Ginebra es una ciudad discreta, Calvino se encargó de que así fuera dejando en herencia una vida de puntillas. Podemos catalogar como discreto el tropiezo de Luigi Lucheni que acabó con la vida de Sissi cuando iba a subir a un barco de vapor en el lago Lemán —la emperatriz tardó en darse cuenta de que sangraba tras la puñalada que le asestó el anarquista italiano—, también es discreto el ambiente nocturno de la ciudad, que acaba cuando en otras ciudades más al sur de Europa ni siquiera ha comenzado; y discreto, mucho, es el paso de famosos de diverso pelaje en busca de una fiscalidad más benévola para sus fortunas.
Borges dijo que de todas las ciudades del mundo, de todas las patrias íntimas, de todo lo que un hombre busca en el corazón de sus viajes, Ginebra es el lugar más propicio para vivir. La ciudad está construida al abrigo de los Alpes y las montañas del Jura, a orillas del lago Lemán, el mayor entre los alpinos. Alrededor del lago se encuentran los primeros atractivos de la ciudad y algunos jardines impecablemente cuidados, como el Inglés y su horloge fleurie con su segundero de más de dos metros rodeado de miles de flores. El icono de la ciudad, visible desde varios puntos de la misma, es el Jet d’eau. El chorro de agua sale despedido a más de 200 kilómetros por hora para alcanzar los 140 metros de altura. Otra de las posibilidades que ofrece el lago es la de navegar en los barcos que salen desde el Quai de Mont-Blanc para hacer recorridos de una hora de duración.
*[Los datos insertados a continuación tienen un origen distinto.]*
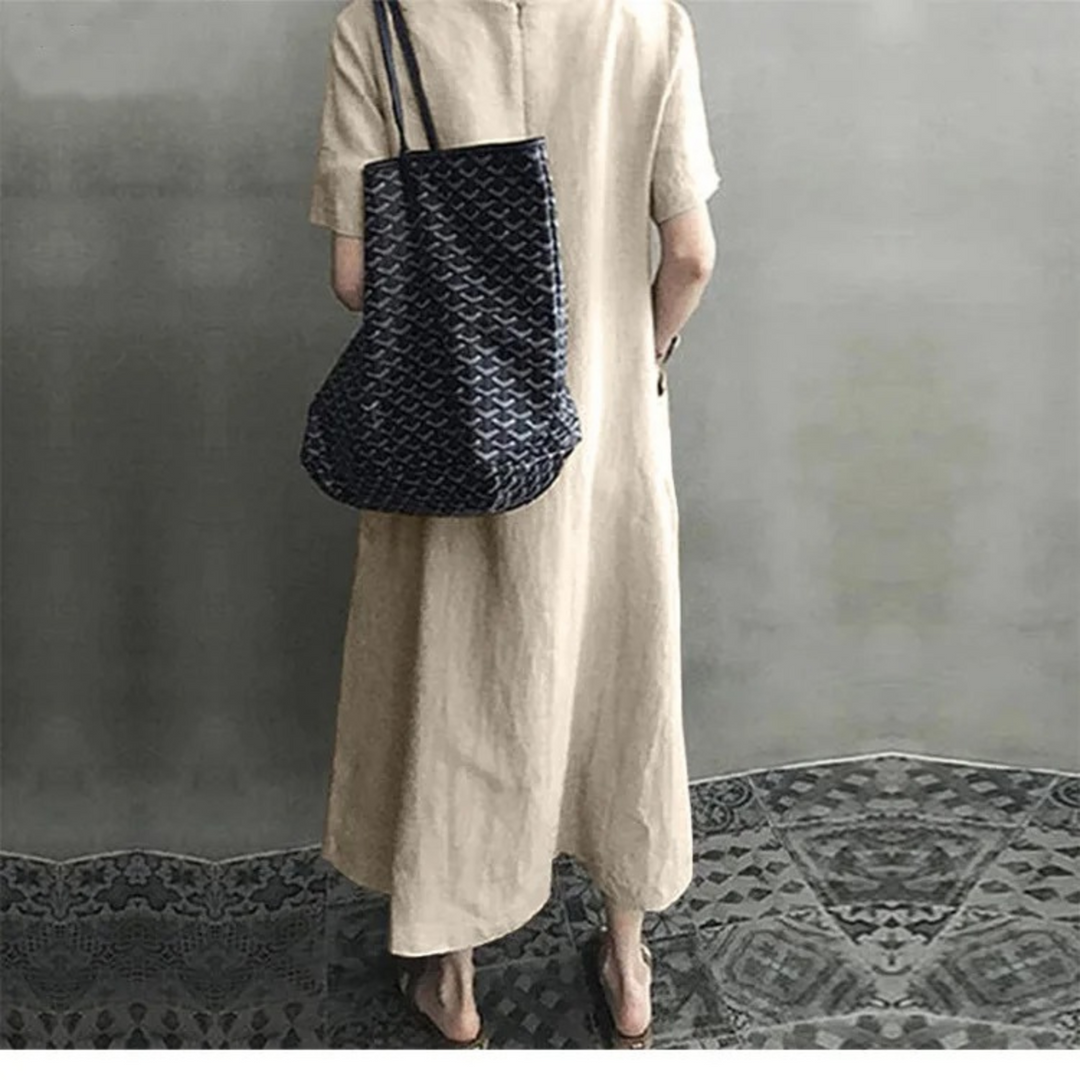 Levoire | Robe En Lin Confortable Avec Décolleté En V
El casco viejo de Ginebra es pequeño, cómodo de recorrer, limpio como pocos. En los sótanos de la catedral de San Pedro se encontraron restos de la ciudad con más de mil años de antigüedad. No en vano, Ginebra y su lacus lemanus ya aparecían en la Guerra de las Galias de Julio César. En el antiguo Arsenal se exhiben mosaicos que cuentan aspectos claves de la historia de la ciudad. A su lado, el Hotel de Ville no se queda a la zaga en historia. En 1864, Henri Dunant sentó las bases de la Cruz Roja en ese edificio. Muy cerca de allí se encuentra la casa donde nació el ginebrino más universal; Jean Jacques Rousseau.
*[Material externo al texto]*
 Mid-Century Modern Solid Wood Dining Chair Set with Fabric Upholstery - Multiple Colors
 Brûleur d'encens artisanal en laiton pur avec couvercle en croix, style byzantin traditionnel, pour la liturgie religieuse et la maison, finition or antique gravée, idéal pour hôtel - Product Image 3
La plaza más antigua de la ciudad, la Bourg-de-Four, recuerda a esas placitas de la Borgoña, con la fuente en mitad de la misma y rodeada de cafés tradicionales. Alrededor del casco antiguo hay otros edificios destacables y un par de museos que merece la pena visitar: el Rath y el de Arte e Historia.
A los pies de la parte antigua están las dos arterias comerciales de la ciudad, la rue du Rhône y la de la Corraterie, repletas de elegantes tiendas y, cómo no, relojerías, uno de los orgullos nacionales. Cruzando el río por el puente de la Isla encontramos un museo creado por Swatch, donde podemos conocer la historia de la relojería.
Calvino, aunque no nació en Ginebra, dejó una huella imborrable en la ciudad. En la catedral de San Pedro se conserva la silla desde donde predicaba con manu militari —a Servet lo pasó por la hoguera en un cercano monte—; en el museo Internacional de la Reforma conoceremos los detalles de ese convulso periodo y, para ponerle cara al teólogo, podemos pasear junto al muro de los Reformadores donde comparte espacio con Knox, Bezel y Farel. Calvino está enterrado en el cementerio de Plainpaleis, en una tumba muy cercana a la de Borges.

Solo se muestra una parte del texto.